----- PROVIDED MATERIAL -----

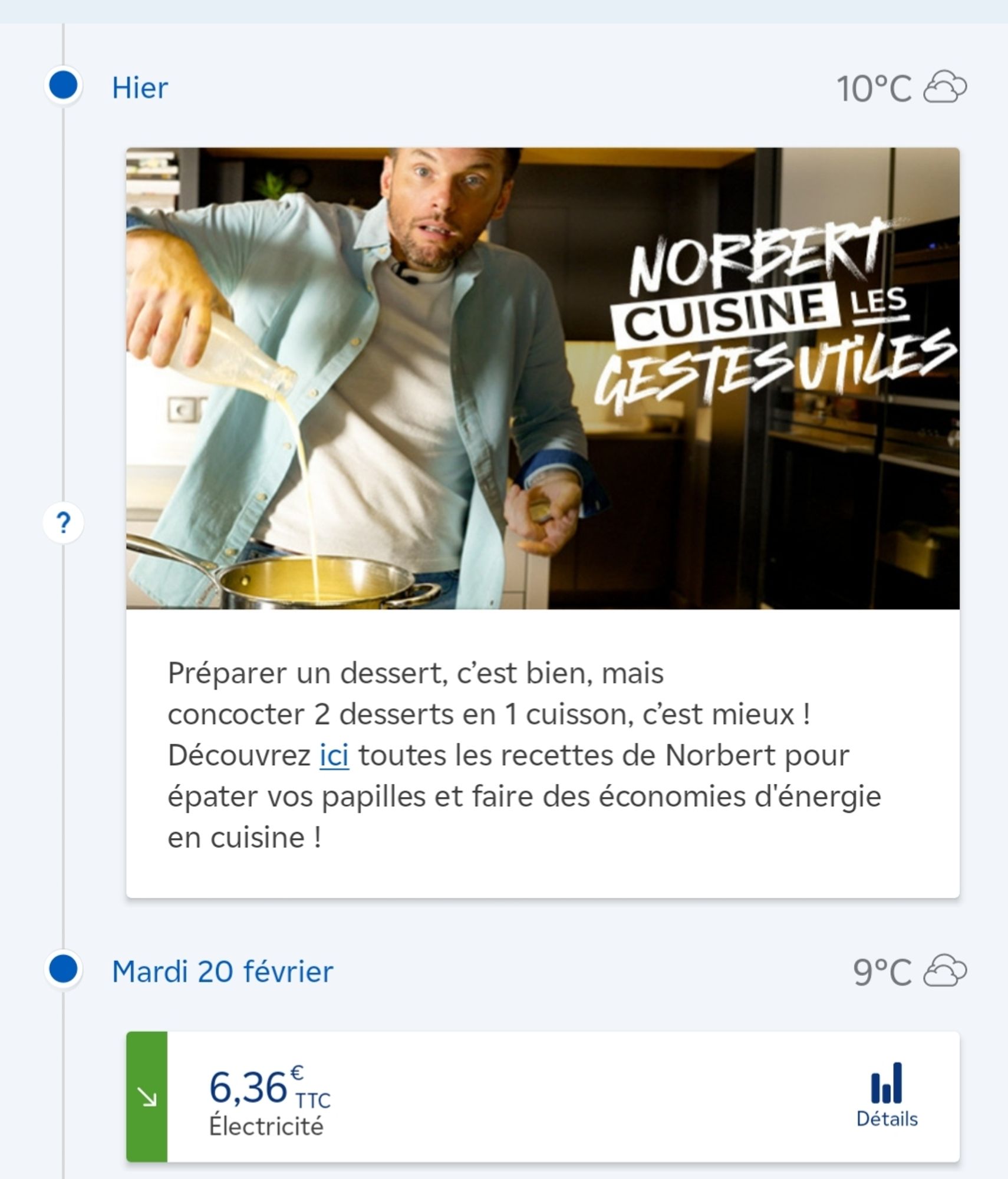 Capture d'écran de l'appli EDF où une annonce invite à faire des économies d'énergie par des "gestes utiles", notamment en cuisine, en utilisant l'image du cuisinier-personnalitéTV Norbert.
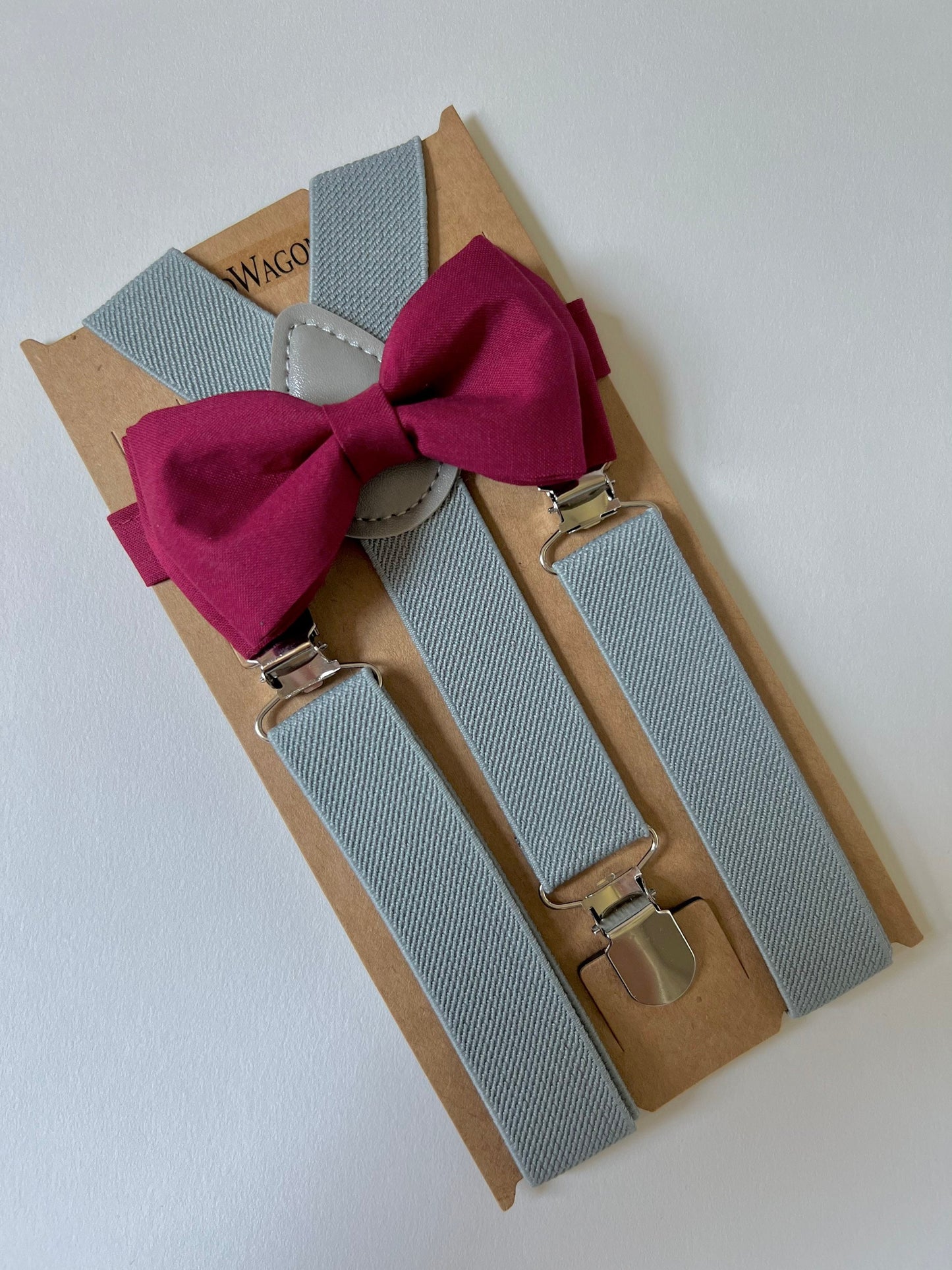 Burgundy Bow Tie and Grey Suspenders.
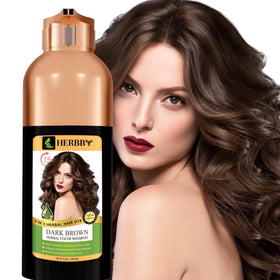 HERBBY Hair Color Shampoo Dark Brown 500ml front view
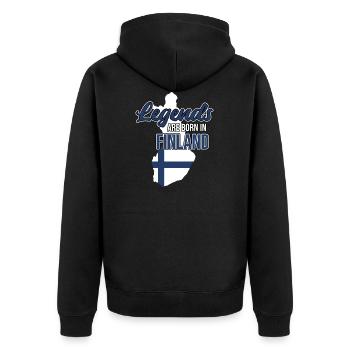 Finlande - Veste à capuche bio Premium Unisexe - noir - Dos - Nico (187cm)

-----

Without including a single picture, restate all of the data word for word.

(ANSWER SPACE):
 Capture d'écran de l'appli EDF où une annonce invite à faire des économies d'énergie par des "gestes utiles", notamment en cuisine, en utilisant l'image du cuisinier-personnalitéTV Norbert.
 Burgundy Bow Tie and Grey Suspenders.
 HERBBY Hair Color Shampoo Dark Brown 500ml front view
 Finlande - Veste à capuche bio Premium Unisexe - noir - Dos - Nico (187cm)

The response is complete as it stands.